Directions:
Below are lines of data; restate word for word those running from the line containing "El expresidente del" to the line containing "Usata VW T-Roc", inclusive, and no others.

Data:
------------------------------------
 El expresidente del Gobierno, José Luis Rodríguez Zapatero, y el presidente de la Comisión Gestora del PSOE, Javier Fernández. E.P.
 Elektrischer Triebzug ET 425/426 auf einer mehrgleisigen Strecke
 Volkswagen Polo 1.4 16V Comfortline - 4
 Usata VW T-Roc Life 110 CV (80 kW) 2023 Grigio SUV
------------------------------------
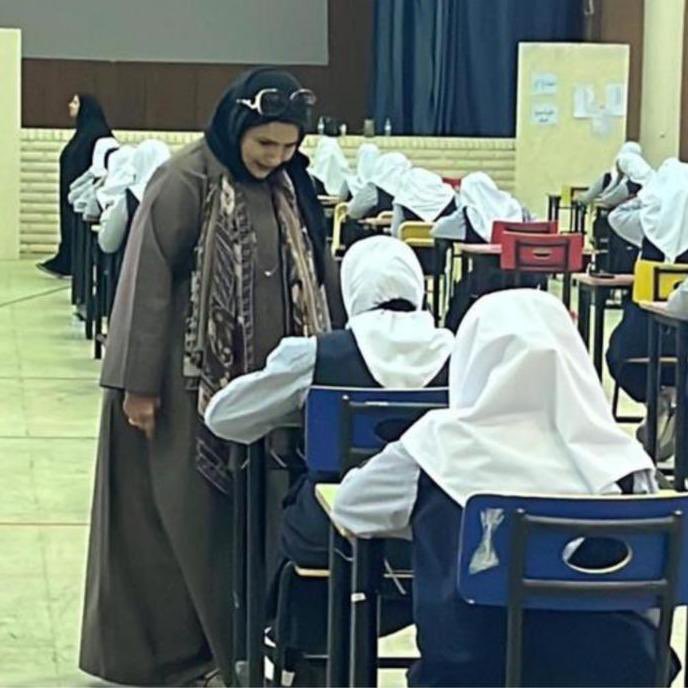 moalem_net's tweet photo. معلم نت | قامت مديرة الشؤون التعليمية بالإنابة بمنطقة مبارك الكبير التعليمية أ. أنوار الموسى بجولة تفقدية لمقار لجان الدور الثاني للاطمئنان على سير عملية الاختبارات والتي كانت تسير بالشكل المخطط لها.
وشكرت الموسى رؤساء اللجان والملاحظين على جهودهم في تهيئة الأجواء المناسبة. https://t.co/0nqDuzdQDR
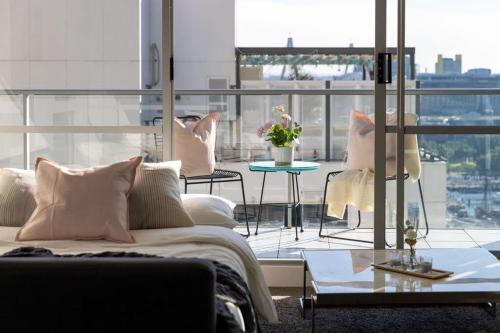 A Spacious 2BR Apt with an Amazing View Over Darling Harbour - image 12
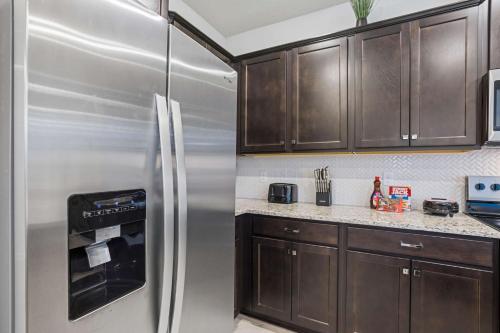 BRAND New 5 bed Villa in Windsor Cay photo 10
------------------------------------
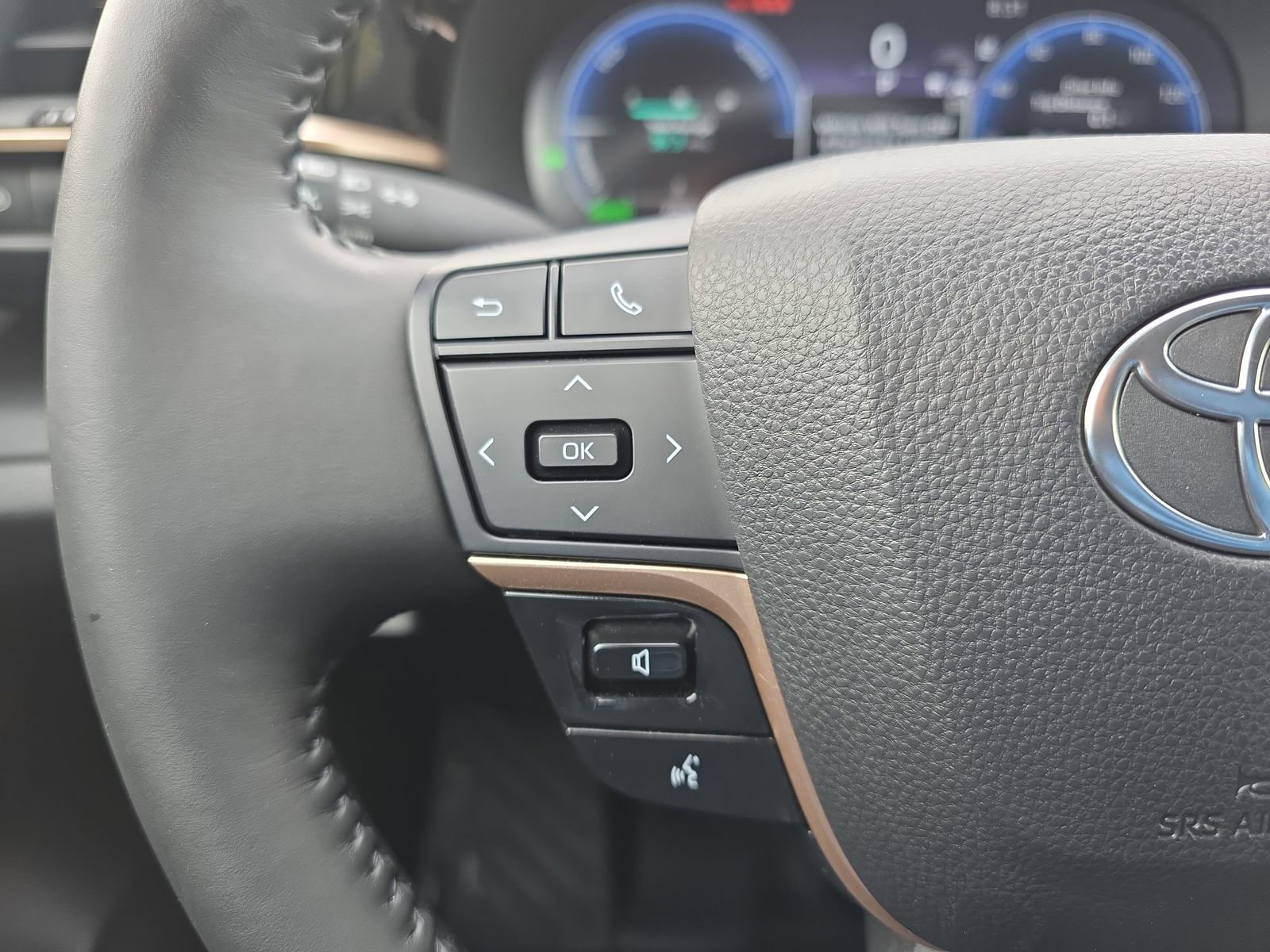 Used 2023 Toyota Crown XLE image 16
------------------------------------
Solved exercise:
 El expresidente del Gobierno, José Luis Rodríguez Zapatero, y el presidente de la Comisión Gestora del PSOE, Javier Fernández. E.P.
 Elektrischer Triebzug ET 425/426 auf einer mehrgleisigen Strecke
 Volkswagen Polo 1.4 16V Comfortline - 4
 Usata VW T-Roc Life 110 CV (80 kW) 2023 Grigio SUV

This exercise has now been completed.